[Material provided — start]
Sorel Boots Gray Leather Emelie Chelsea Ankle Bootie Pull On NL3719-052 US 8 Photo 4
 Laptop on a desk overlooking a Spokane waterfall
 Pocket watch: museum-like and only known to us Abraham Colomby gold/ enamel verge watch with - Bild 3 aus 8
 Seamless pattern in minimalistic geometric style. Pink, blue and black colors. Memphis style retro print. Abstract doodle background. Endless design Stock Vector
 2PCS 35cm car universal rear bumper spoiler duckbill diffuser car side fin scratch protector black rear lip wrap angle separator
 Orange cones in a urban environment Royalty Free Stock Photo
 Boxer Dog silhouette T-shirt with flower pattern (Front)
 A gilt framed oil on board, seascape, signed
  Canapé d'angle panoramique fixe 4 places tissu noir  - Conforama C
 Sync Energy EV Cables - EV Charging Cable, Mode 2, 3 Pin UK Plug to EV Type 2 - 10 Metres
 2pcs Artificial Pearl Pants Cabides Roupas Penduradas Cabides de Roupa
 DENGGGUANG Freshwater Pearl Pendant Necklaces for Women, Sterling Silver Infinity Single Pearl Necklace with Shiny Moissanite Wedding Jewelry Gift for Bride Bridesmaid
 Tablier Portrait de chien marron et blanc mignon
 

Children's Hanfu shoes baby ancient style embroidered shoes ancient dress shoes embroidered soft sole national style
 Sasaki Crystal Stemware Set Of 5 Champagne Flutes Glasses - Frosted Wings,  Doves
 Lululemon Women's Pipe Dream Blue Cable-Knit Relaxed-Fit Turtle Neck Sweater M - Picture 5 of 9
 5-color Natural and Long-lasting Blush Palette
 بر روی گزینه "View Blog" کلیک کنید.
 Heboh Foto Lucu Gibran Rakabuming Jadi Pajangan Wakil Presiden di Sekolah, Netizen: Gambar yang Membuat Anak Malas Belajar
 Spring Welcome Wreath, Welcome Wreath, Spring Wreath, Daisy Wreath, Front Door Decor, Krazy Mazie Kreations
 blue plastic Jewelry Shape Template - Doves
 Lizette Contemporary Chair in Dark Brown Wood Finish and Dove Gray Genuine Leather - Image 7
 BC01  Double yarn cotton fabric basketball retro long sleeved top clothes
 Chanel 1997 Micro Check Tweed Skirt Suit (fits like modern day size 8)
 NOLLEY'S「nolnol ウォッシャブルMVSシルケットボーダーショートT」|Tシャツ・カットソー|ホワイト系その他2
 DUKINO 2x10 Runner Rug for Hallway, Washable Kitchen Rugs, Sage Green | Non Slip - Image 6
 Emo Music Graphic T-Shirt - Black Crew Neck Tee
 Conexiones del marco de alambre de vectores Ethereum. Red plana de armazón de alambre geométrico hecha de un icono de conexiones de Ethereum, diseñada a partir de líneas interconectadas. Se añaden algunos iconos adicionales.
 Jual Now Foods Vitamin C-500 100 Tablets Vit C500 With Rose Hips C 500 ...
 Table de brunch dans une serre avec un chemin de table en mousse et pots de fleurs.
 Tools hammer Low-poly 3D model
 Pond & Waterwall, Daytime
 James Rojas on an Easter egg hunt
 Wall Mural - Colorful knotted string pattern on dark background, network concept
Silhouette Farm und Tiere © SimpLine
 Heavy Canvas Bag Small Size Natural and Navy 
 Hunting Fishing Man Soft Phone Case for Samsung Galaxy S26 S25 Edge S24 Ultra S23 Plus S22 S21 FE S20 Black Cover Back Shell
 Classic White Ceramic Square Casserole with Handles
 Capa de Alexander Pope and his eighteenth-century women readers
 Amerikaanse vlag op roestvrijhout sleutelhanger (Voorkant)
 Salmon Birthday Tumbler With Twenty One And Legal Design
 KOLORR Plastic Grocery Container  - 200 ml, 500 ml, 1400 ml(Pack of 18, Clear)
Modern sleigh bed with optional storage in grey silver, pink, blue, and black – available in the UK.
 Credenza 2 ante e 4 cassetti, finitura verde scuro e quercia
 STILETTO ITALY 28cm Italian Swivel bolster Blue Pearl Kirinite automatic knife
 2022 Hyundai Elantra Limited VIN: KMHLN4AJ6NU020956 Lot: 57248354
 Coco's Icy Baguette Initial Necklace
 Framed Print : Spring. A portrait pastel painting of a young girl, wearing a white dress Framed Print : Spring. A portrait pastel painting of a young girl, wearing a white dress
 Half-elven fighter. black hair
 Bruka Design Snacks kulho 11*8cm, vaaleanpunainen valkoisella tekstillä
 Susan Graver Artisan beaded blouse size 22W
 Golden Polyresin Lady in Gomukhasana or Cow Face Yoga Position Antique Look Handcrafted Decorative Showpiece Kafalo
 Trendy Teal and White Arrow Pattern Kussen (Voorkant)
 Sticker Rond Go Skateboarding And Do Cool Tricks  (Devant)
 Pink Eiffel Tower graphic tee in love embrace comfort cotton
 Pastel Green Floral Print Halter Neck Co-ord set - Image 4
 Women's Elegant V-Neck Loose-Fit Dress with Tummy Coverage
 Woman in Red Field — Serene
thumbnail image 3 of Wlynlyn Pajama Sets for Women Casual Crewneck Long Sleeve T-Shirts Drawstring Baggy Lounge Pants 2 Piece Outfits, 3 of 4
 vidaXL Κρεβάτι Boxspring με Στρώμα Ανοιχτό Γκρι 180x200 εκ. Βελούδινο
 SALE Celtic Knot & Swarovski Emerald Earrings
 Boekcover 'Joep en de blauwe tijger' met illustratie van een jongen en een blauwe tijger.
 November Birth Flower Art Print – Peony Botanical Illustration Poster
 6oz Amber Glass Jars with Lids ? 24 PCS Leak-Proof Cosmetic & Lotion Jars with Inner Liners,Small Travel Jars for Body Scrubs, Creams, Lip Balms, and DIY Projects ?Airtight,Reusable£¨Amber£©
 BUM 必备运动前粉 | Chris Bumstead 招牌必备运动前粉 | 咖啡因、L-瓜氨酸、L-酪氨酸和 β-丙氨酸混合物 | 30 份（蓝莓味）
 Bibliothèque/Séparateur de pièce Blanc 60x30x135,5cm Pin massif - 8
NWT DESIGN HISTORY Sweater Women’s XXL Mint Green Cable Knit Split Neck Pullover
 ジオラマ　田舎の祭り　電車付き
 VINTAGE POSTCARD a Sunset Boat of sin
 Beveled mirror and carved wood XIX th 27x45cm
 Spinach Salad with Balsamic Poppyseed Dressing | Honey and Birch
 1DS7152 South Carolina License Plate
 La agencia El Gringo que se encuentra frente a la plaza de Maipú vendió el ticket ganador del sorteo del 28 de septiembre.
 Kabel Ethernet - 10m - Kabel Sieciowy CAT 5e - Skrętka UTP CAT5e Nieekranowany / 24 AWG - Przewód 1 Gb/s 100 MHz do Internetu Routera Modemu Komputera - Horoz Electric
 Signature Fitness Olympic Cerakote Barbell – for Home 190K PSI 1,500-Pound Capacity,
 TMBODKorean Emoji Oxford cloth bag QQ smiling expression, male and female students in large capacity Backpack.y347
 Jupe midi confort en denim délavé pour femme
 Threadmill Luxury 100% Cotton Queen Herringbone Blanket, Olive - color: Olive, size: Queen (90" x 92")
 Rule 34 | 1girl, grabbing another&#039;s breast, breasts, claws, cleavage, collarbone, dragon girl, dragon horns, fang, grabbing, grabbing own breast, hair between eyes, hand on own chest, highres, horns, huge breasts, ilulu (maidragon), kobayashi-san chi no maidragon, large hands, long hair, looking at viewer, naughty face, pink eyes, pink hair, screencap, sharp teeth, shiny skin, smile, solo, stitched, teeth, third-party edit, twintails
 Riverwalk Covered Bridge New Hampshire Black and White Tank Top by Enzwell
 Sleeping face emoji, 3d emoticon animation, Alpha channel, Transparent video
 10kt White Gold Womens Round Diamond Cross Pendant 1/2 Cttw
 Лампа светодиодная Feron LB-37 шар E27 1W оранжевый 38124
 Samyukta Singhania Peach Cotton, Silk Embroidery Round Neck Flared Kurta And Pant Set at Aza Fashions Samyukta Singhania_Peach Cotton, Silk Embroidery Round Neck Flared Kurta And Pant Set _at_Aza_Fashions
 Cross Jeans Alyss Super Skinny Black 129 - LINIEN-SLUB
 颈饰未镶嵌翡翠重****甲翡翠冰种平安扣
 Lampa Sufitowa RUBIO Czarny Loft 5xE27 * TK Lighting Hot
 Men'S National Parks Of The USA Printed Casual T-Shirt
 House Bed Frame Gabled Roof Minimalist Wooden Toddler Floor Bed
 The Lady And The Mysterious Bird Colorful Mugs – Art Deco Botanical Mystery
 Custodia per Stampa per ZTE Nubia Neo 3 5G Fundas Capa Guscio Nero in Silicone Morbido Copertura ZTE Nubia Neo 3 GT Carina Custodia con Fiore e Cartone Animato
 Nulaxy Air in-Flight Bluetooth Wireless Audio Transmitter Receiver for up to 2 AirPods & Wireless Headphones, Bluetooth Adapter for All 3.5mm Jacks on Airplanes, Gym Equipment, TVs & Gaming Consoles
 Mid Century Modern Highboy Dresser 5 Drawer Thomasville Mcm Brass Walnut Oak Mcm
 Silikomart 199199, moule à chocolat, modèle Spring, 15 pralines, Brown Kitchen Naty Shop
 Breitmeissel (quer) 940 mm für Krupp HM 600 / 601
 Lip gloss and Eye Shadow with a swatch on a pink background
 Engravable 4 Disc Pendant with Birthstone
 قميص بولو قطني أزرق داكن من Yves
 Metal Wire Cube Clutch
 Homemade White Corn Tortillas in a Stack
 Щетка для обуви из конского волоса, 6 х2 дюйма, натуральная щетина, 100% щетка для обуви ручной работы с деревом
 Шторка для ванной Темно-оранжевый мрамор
[Material provided — finish]
Please reproduce the lines from the line with "vidaXL Κρεβάτι Boxspring" to the line with "La agencia El", both ends included, exactly as they appear above.

 vidaXL Κρεβάτι Boxspring με Στρώμα Ανοιχτό Γκρι 180x200 εκ. Βελούδινο
 SALE Celtic Knot & Swarovski Emerald Earrings
 Boekcover 'Joep en de blauwe tijger' met illustratie van een jongen en een blauwe tijger.
 November Birth Flower Art Print – Peony Botanical Illustration Poster
 6oz Amber Glass Jars with Lids ? 24 PCS Leak-Proof Cosmetic & Lotion Jars with Inner Liners,Small Travel Jars for Body Scrubs, Creams, Lip Balms, and DIY Projects ?Airtight,Reusable£¨Amber£©
 BUM 必备运动前粉 | Chris Bumstead 招牌必备运动前粉 | 咖啡因、L-瓜氨酸、L-酪氨酸和 β-丙氨酸混合物 | 30 份（蓝莓味）
 Bibliothèque/Séparateur de pièce Blanc 60x30x135,5cm Pin massif - 8
NWT DESIGN HISTORY Sweater Women’s XXL Mint Green Cable Knit Split Neck Pullover
 ジオラマ　田舎の祭り　電車付き
 VINTAGE POSTCARD a Sunset Boat of sin
 Beveled mirror and carved wood XIX th 27x45cm
 Spinach Salad with Balsamic Poppyseed Dressing | Honey and Birch
 1DS7152 South Carolina License Plate
 La agencia El Gringo que se encuentra frente a la plaza de Maipú vendió el ticket ganador del sorteo del 28 de septiembre.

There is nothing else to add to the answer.